Friday, May 27, 2011

Pretty Things To Perv Over

I'm so obsessed with shoes and bags lately. Well. Not really lately. But lately, i've expanded my options. "It's fine... RM2k for a pair of shoes is fine..." -- That's how i brainwash myself. STUPID STUPID STUPID! Then again, looking doesn't cost you. Not like i'm going to Hermes or anything - i can't remember how much was the belt, but it's nothing an average jane can afford.



i. corazón.

Suede shoes are very, very annoying. They're inconvenient for rainy days and also, you've got to brush them regularly so they stay pretty. But the ballerina pumps are pretty, though suede. The shoes above are from Tods and they retail close to 2k myr each pair.

Ralph lauren is 2k (same design as in the last picture). Which really brings me to this question. The government said they'll increase certain taxes - during the announcement of the budget, but to balance it up, the tax price of textile would face reduction. So why is a normal polo tee from ralph lauren costing myr500 now instead of myr300 like it used to?

if their answer is - labels are expensive, here's another question - labels... don't produce clothes? curious.

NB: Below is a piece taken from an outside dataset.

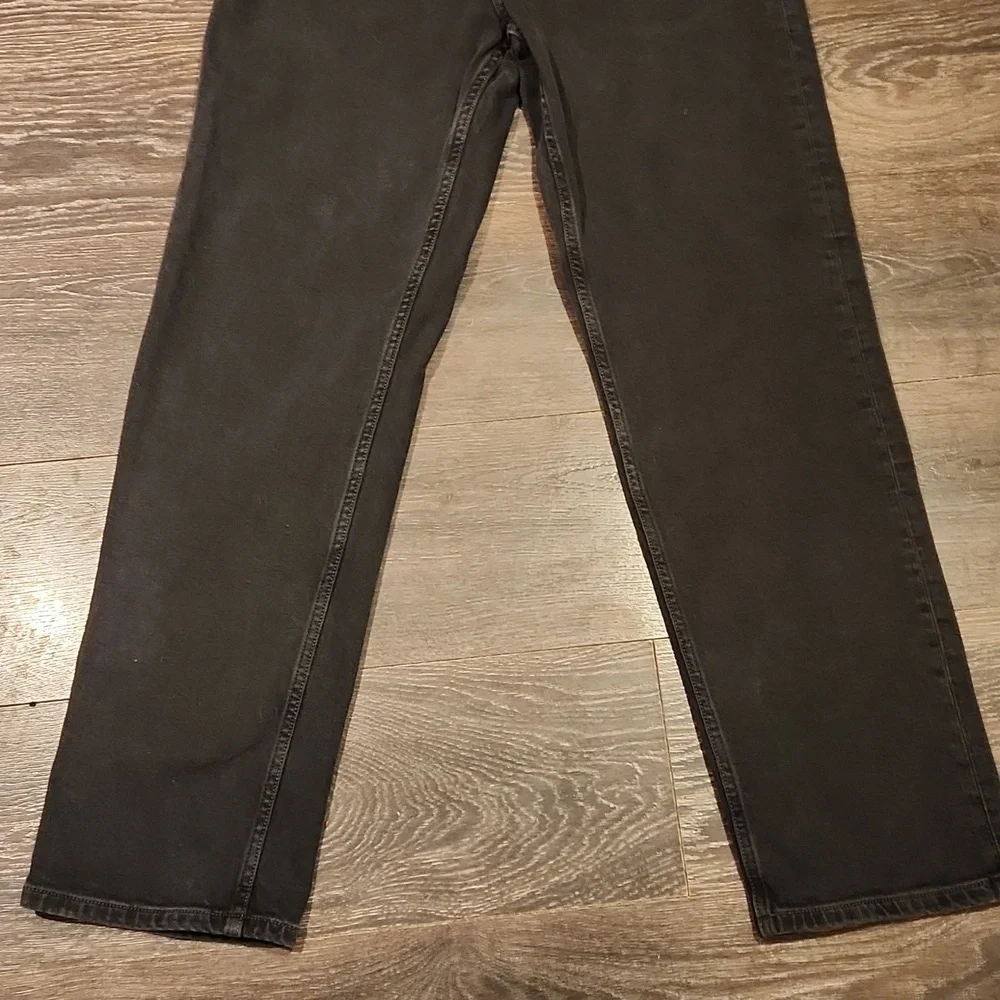 ❤️ BANANA REPUBLIC AUTHENTIC STRAIGHT LEG JEANS, BLACK, 32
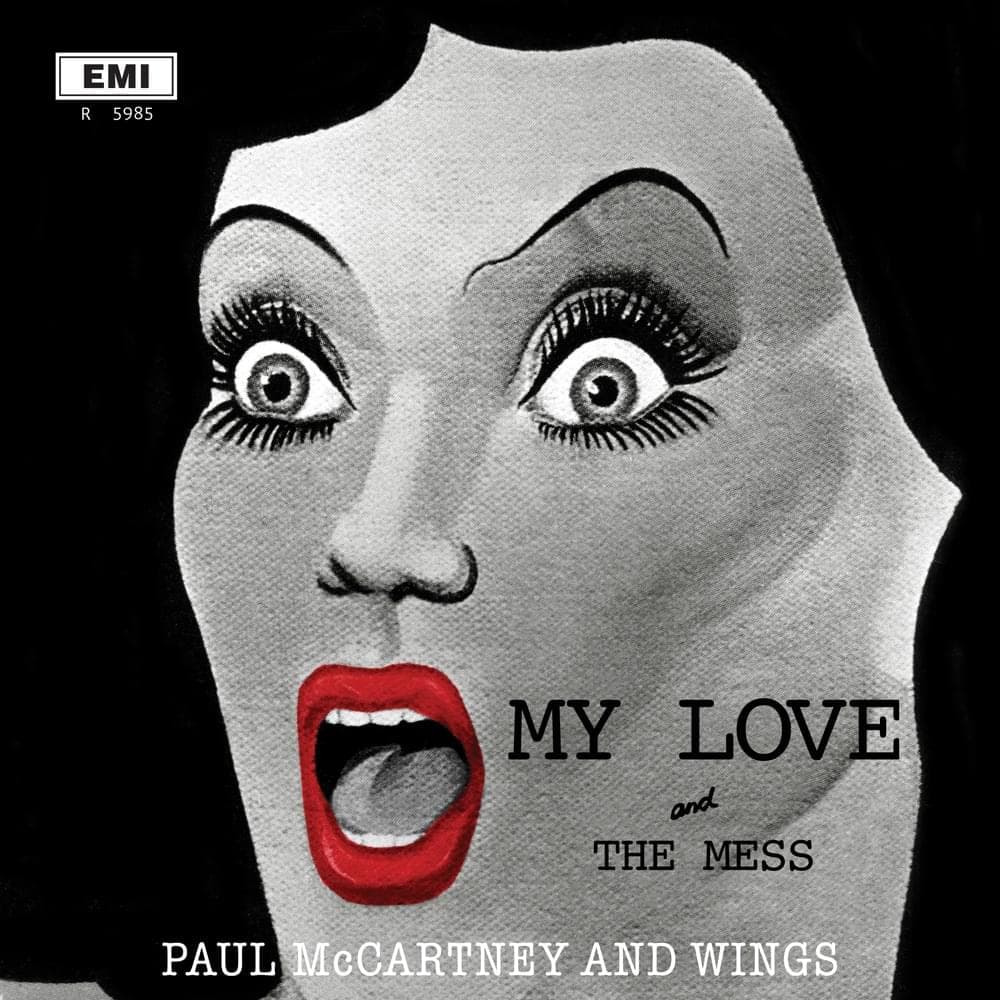 Album cover art for "My Love" by Paul McCartney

Anw. Back to my other fetish.


i always think that i'm too young for a prada -- general rule. but as we all know, to every general rule... there's an exception.

The primary use for my bags is for me to hug to sleep in case i turn lonely. Some, i carry out occasionally, some i keep under my pillow (no i'm kidding!). But bags, like my phones are my collections. I never sell them nor do i dispose of them, be it with monetary consideration or not. Maybe one day, when i feel i have no more closet space, i'd ebay them. But in the meantime...

amor.


p/s: need. new. phone. my blackberry is dying on me. =( apple sounds good. let me just try to save up.

p/p/s: my friend is already contributing to my birkin fund. 20 cents at a time. now i'll just have to do good deeds and come back in 10 lifetimes to save enough money.